世界のマエストロ 小澤征爾さん
2002年、小澤征爾さんが29年間音楽監督を任されたボストン交響楽団から
ウィーン歌劇場に移って行く半年間を密着取材させて頂きました。
ベルリン、ウィーン、東京、水戸、松本、ボストン、タングルウッドと
何度も撮影させて頂きましたが、撮影する度に小澤さんの音楽に魅かれ、
人柄に魅かれて行きました。
海外で評価されている日本人は何人もいますが、小澤さんほど
国境を越えて愛されていた人は居なかったと思います。 ウィーンの街を
一緒に歩いていると、あちこちのカフェから「マエストロ!マエストロ!」
と声が掛かり、一緒に写真を撮りたいと言う人が列をなしていたのが
思い出されます。
しかし、小澤さんは無暗に欧米人になろうとはせず、あくまでも世界の中の
日本人を貫いていました。 演奏後は、すぐに浴衣に着替え
ぶら下がりの記者会見を受けていました。

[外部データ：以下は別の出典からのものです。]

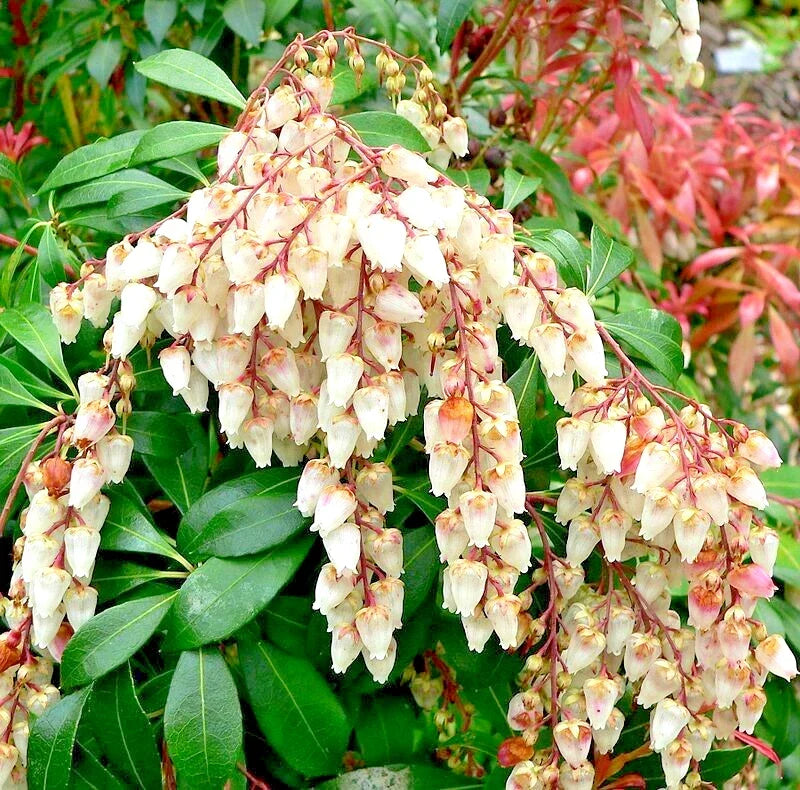 Unrooted Pieris Japonica Cuttings - 5 Fresh Japanese Andromeda Bush Cuttings for Propagation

「なんで浴衣なんですか?」と
聞かれると「いや、コレが一番汗を吸ってくれるんだよ」と答えていましたが、
あれこそが小澤さんの根底にあった日本人のアイデンティティーだったんだと思います。
そして、その欧米社会に決して迎合しない姿勢こそが尊敬をもって対等に迎えられ
た所以と言えるのでしょう。
(2008年 講談社「オブラ」10月号より)
世界的に有名な方なのに、道行く人に声を掛けられても分け隔てなく
気さくにお話をされていました。 いつも仲良かったご家族の心中は
察するに余りあります。 心よりご冥福をお祈りいたします。